Top of Records provided
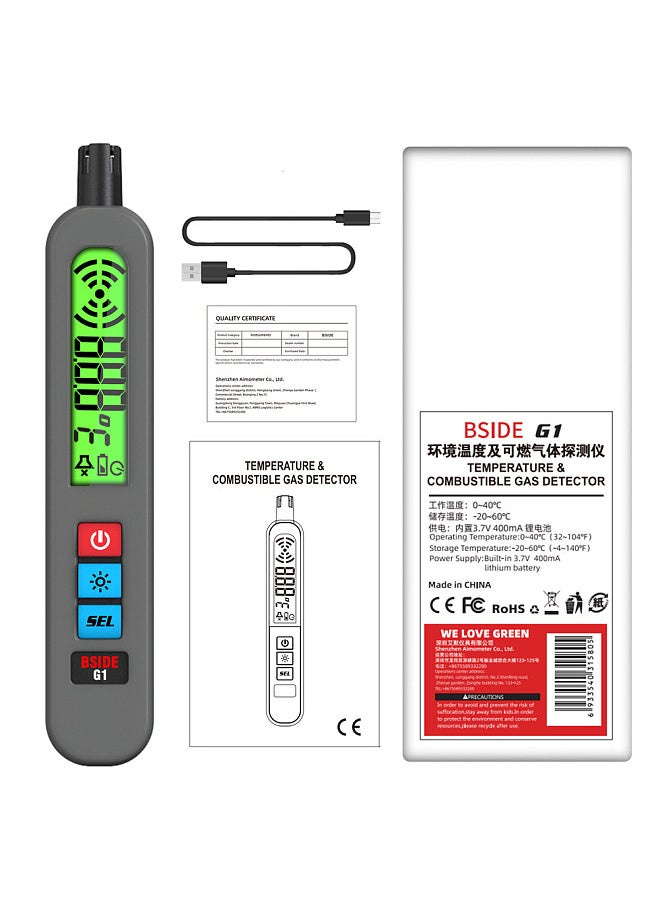 BSIDE Handheld Combustible Gases Leak Detector Natural Gases Leakage Tester Portable Combustible Gases Concentration Analyzer Meter with Temperature Test and Sound Light Alarm Function  - Image 1
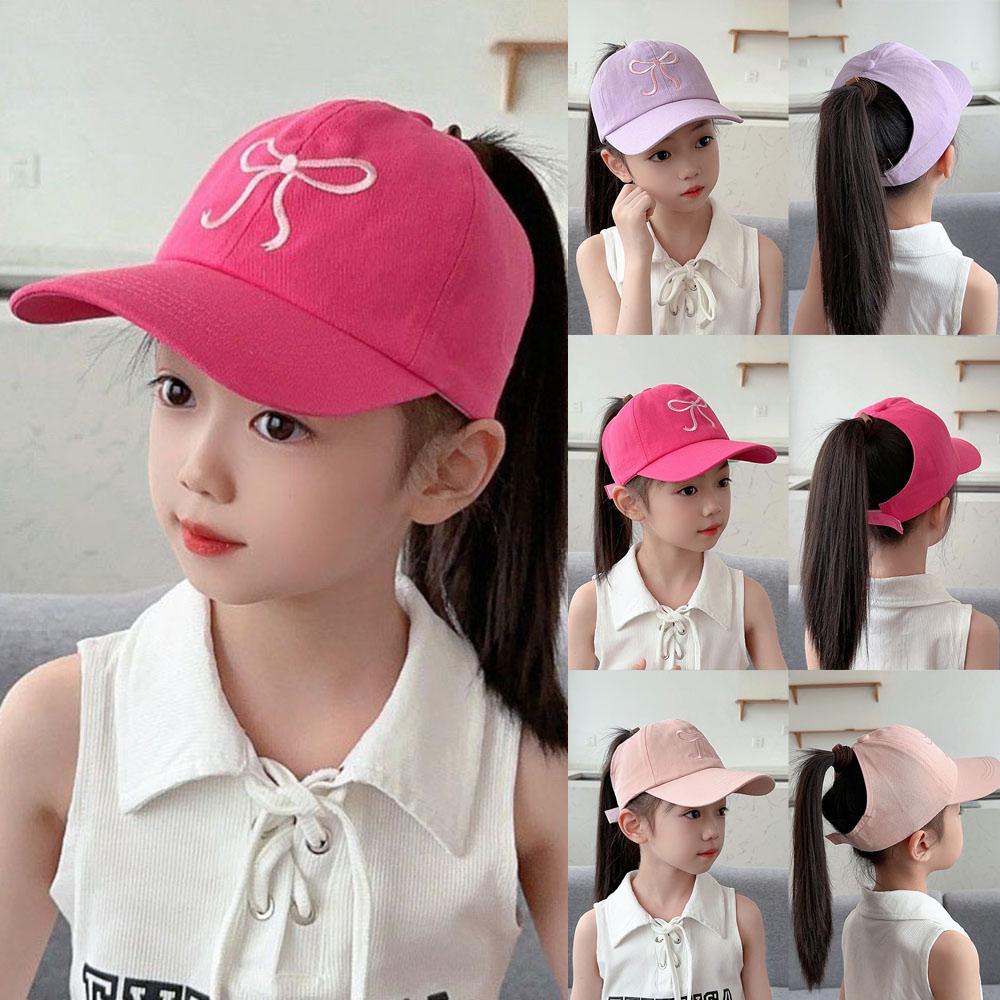 High Ponytail Children Summer Caps Kids Girls Sunscreen Baseball Cap Empty Tail Children Sun Visor Hats Fashion Bowknot Designs
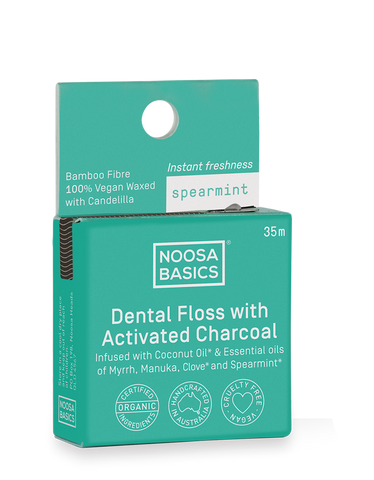 Noosa Basics - Dental Floss with Activated Charcoal - Spearmint (35m)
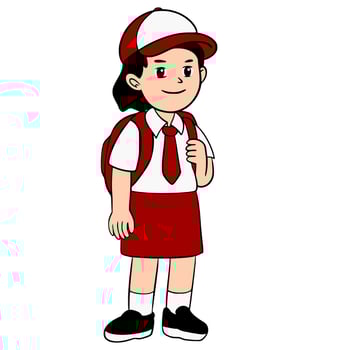 Illustration of elementary school children in Indonesian school funny characters vector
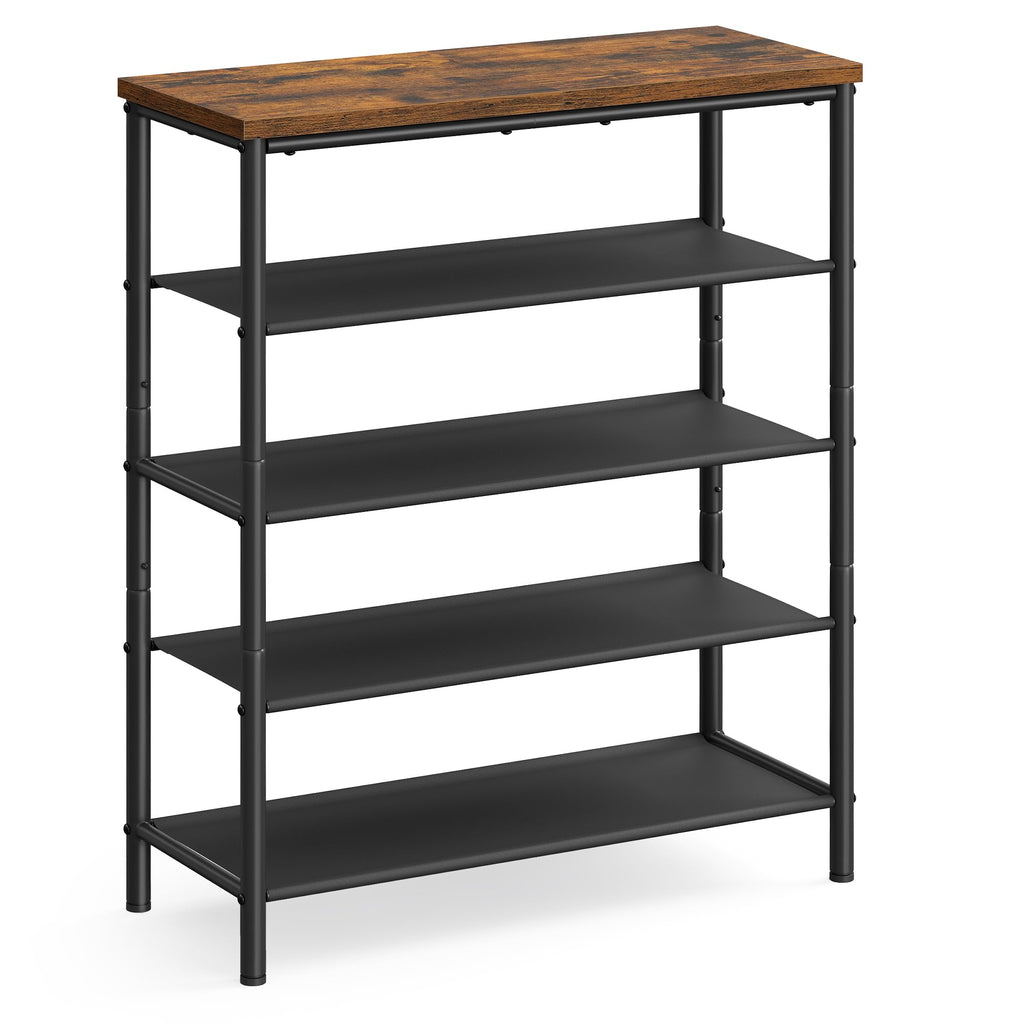 VASAGLE 5-Tier Shoe Rack, 12-16 Pairs, Steel Frame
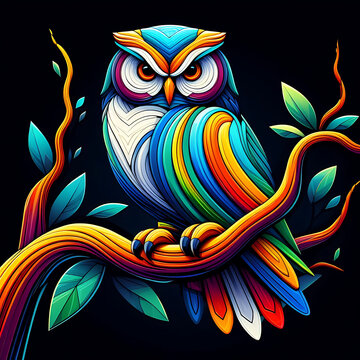 Abstract owl graphic design, papercut style, decorative, poster, print, AI generated.
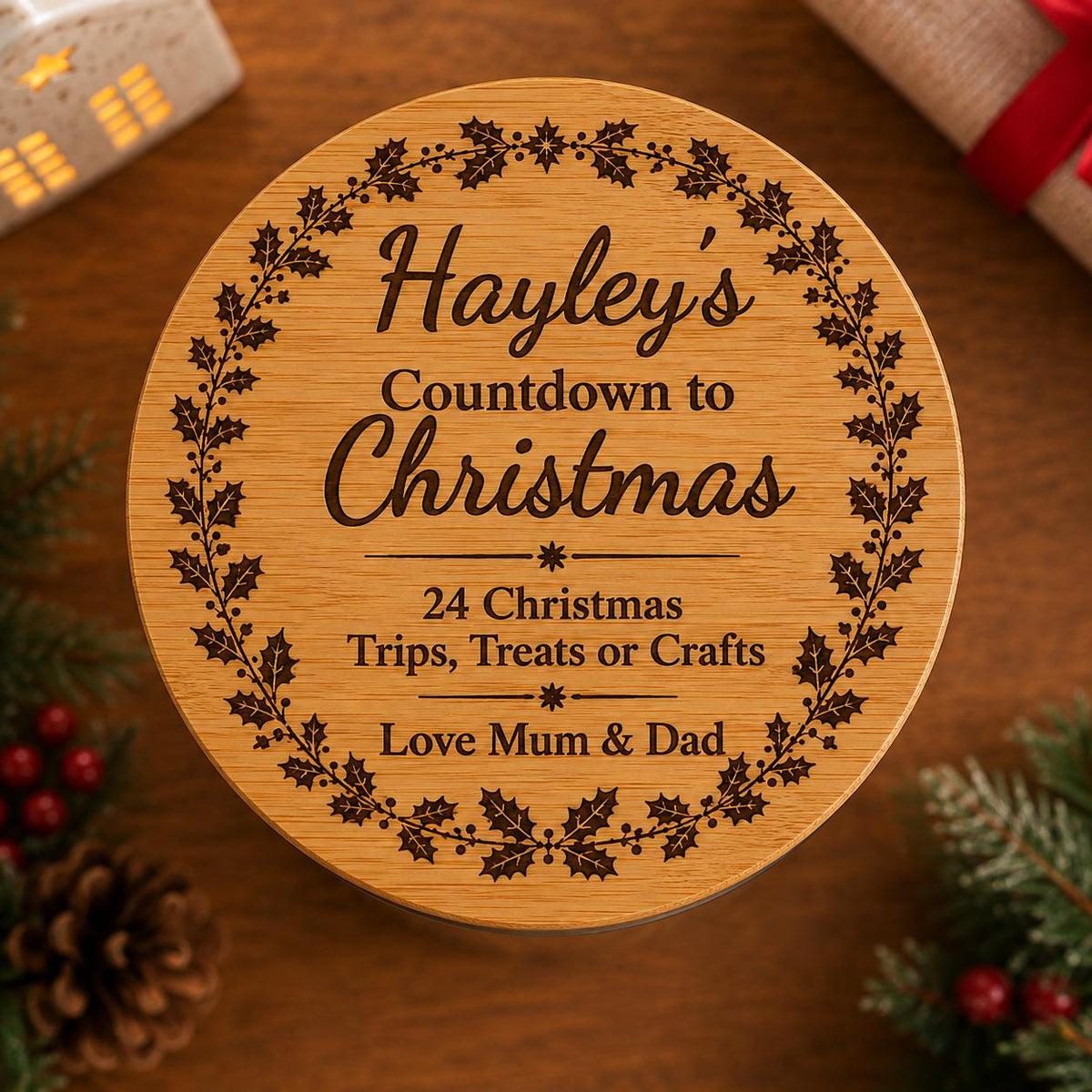 Personalised Christmas Countdown Jar | 24 Days of Christmas Activities | Advent Activity Jar | Christmas Trips Treats & Crafts | Family Gift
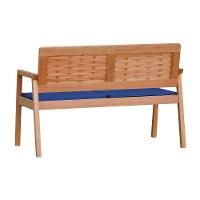 Sofá 2 Lugares-namoradeira Garden Madeira Maciça Assento Estofado Encosto Trançado Madeira - Natural Acquablock Azul - 3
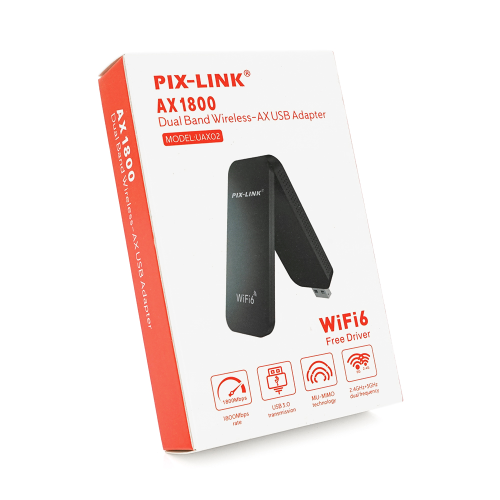 Бездротовий мережний адаптер Wi-Fi6-USB LV-UAX02, 802.11 a / b / g / n, 1800Mbps, Box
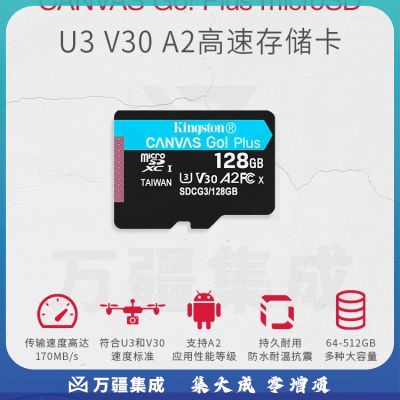 金士顿（Kingston）128GB TF（MicroSD）存储卡 行车记录仪内存卡 手机内存卡 U3 V30 A2 4K 读速170MB/s SDCG3/128GB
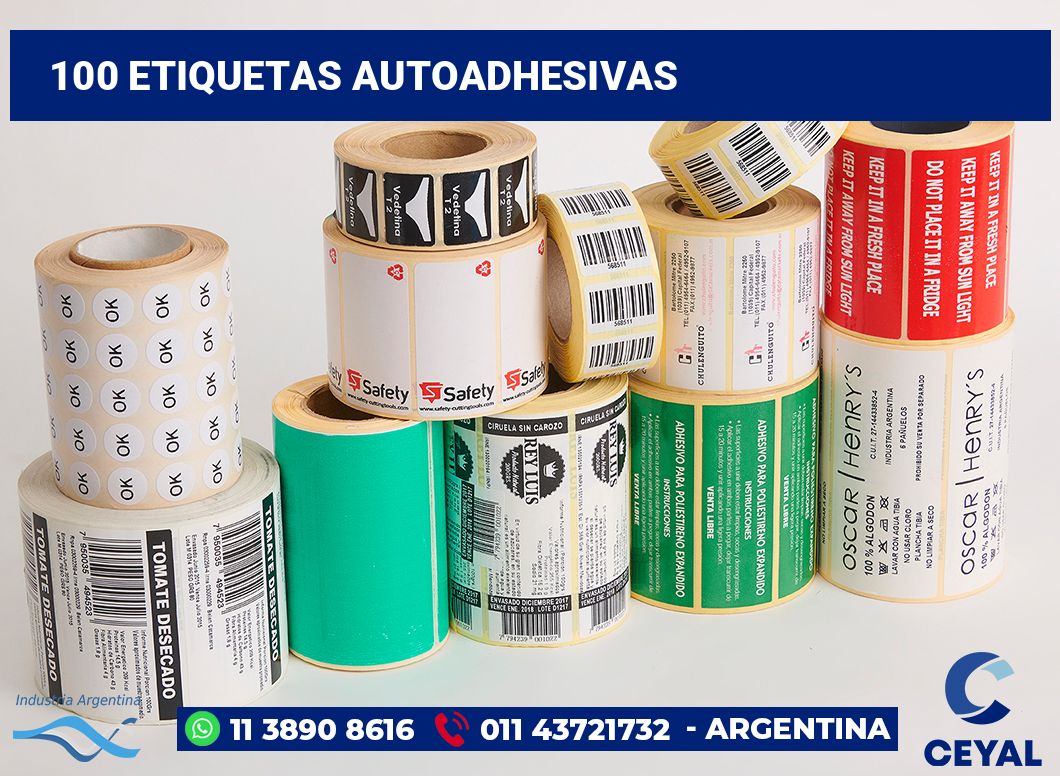 100 Etiquetas autoadhesivas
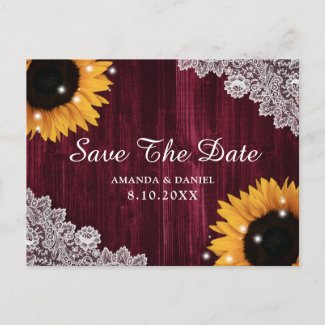 Sunflower Burgundy Wood Lace Rustic Save The Date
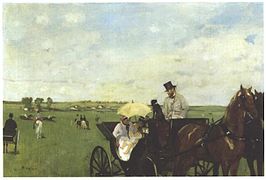 Edgar Degas, Coches en las carrerasc. 1872.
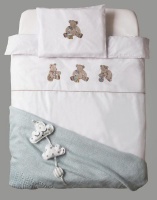 Bella Collection Embroidered Teddies White Cot Set Photo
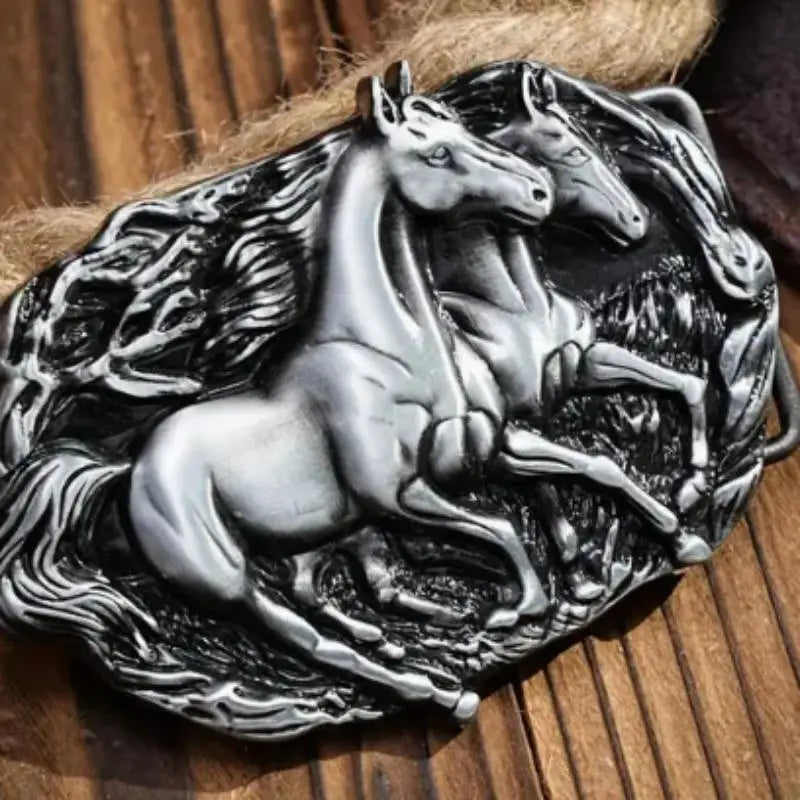 Western Belt Buckle – Vintage Cowboy Rodeo Silver | Men & Women Western Belt Buckle Qst A15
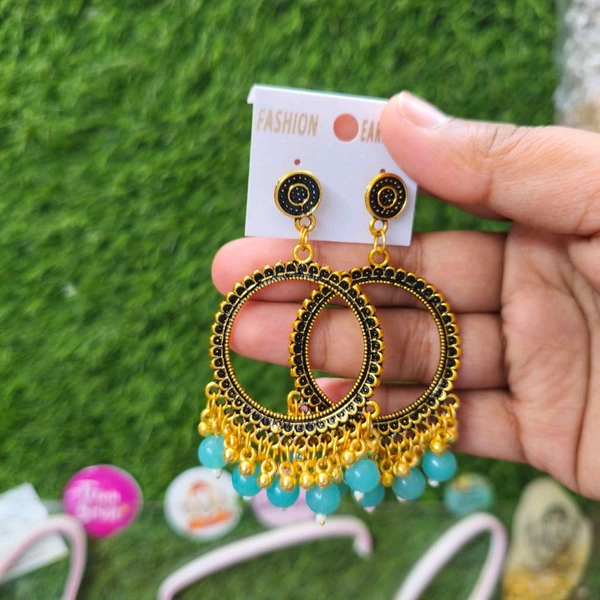 Resin Jhumka Base Pair Round(sky Blue Beads) 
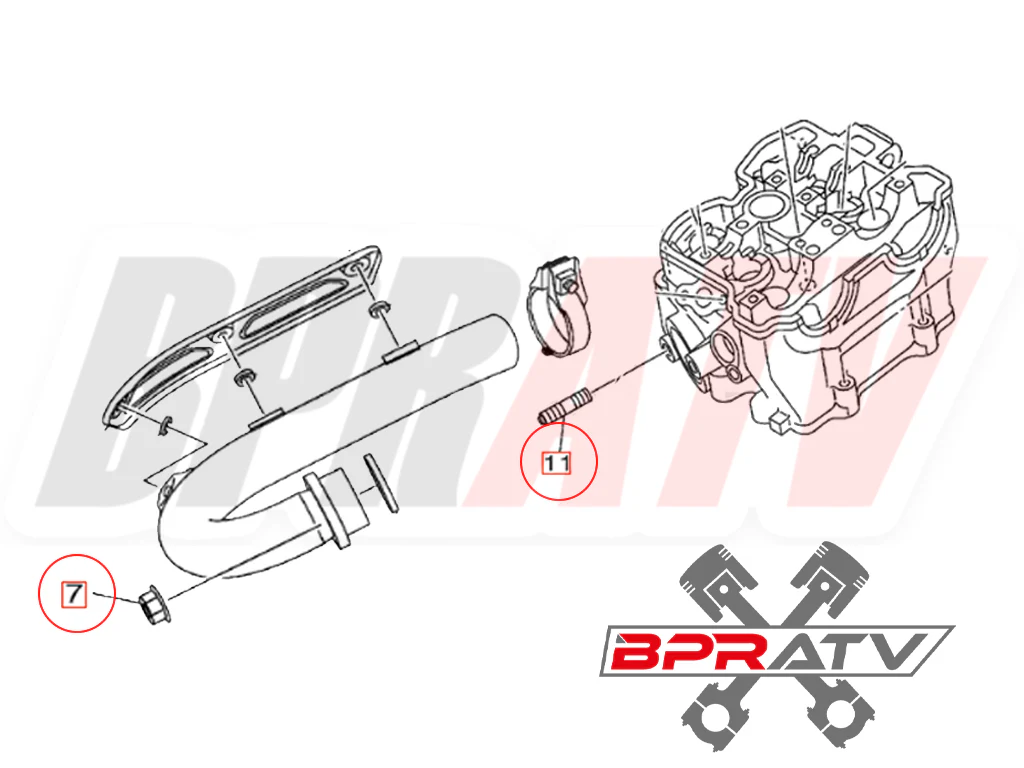 Yamaha YFZ450R YFZ 450R BPRATV Stronger Heavy Duty Exhaust Head Pipe Studs Bolts - Image 4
Bottom of Records provided
• **Task to carry out**
What is needed is an exact retyping of the lines from the start of the data through the line with "High Ponytail Children", with both end lines kept and every picture left out.

• **Answer for this exercise**
 BSIDE Handheld Combustible Gases Leak Detector Natural Gases Leakage Tester Portable Combustible Gases Concentration Analyzer Meter with Temperature Test and Sound Light Alarm Function  - Image 1
 High Ponytail Children Summer Caps Kids Girls Sunscreen Baseball Cap Empty Tail Children Sun Visor Hats Fashion Bowknot Designs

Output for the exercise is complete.